Now both Aquinas and Molina believed that there were true counterfactuals about what, if for any circumstance, what a creature with free will would do if faced with a certain choice in that particular circumstance. It's just that Aquinas thought God decreed the truth of these counterfactuals. He said, let it be the case that if a creature were in this circumstance, that creature would freely do so and so. And Molina thought no, it's not possible to decree those. Because then you could decree that both the counterfactuals, decree that the creature was in those circumstances, and thus decree what the creature would freely do, which is contradictory. And Aquinas, well, having lived many years before, he couldn't reply, but he would have replied not so; God can freely decree. That's just, he freely, he decrees everything, including what creatures freely do.

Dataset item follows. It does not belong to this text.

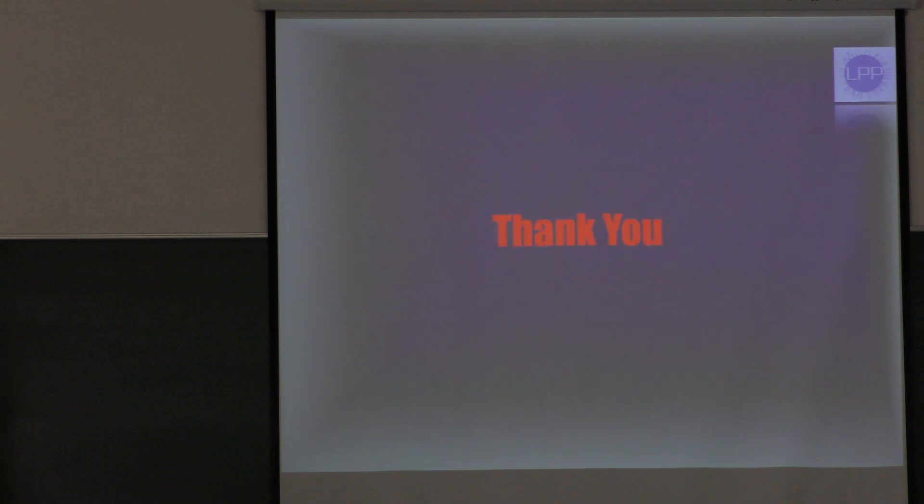Thank you very much for your attention. I have one question.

Molina said that's impossible. Many years later, the Jesuits and the Dominicans got in a terrible fight. The pope had to, ordered them to stop accusing each other of heresy on this matter. But they agreed that there were these true counterfactuals of creaturely freedom, and of course God, being omniscient, knew them. Then if Molina just said well, God just finds himself with these. You know, that in each possible world, there are different ones because they're contingent propositions. God, but of course being omniscient, he knows which ones in the actual world are true. Another possibility, of course, and it's certainly the one I favor, is that an omniscient being doesn't know these truths because there are no such truths to be known. There are no truths about what a free being would do if offered a free choice between two alternatives in circumstances that are never going to arise.

Robert Lawrence Kuhn:

And why is there not a truth of, now, of that matter?

Peter van Inwagen:

Well, I mean suppose that I am put, consider a situation that I'm not going to be in, in which a student, say, offers me one million dollars to raise her grade from a B to an A in my course, and under circumstances where I, rightly or wrongly, am convinced there's absolutely no chance of this coming out; suppose that in that circumstance I would have a free choice, that is, and free will is incompatible with both, everybody here is assuming that free will is incompatible with causal determinism. So, it must be an undetermined choice. What would I do in those circumstances, if it was a free choice? Why does there have to be any truth about what I would do? If, if it's true that what I would do is freely accept the bribe, then it must be that somehow the circumstance in which I'm offered the bribe and accept it is, in some way, closer to reality than one in which I'm offered the bribe and don't accept it, at least that's how I'd understand counterfactual conditionals. But if it's just undetermined; if the antecedent, if my being in those circumstances and the offer, those are the same, and then there's simply an indeterministic fork in the world, how can one fork be closer to reality than the other fork? There doesn't, sometimes people call this the grounding problem in this area, or at least this is my own statement of what people call the grounding problem, is there's just no basis in reality for the truth of one of those counterfactual conditionals.

Robert Lawrence Kuhn:

And therefore, it doesn't impinge on God's omniscience not to know that these so-called counterfactuals of freedom of middle knowledge.

Peter van Inwagen:

Yes. Right, because according to the standard logic of counterfactuals that we have from David Lewis, the counterfactual, if I were freely offered the bribe, I would take it. If, or if I were offered the bribe, I would freely take it, and if I were offered the bribe, I would freely reject it, are both false. They can both be false. God, being omniscient, knows that. He knows that each one of them is false. He knows that also, that one of them would be true, if the antecedent were true, if those circumstances actually arose, but neither of them has the property being the one that would be true. He knows that. He knows everything there is to know in this circumstance. So, this is perhaps unlike what some people, including myself, would say about God in the future, where there is something to know and God can't know it. This is a much more comfortable situation for me, and that's God's omniscience is not threatened simply because there's no such thing for him to know.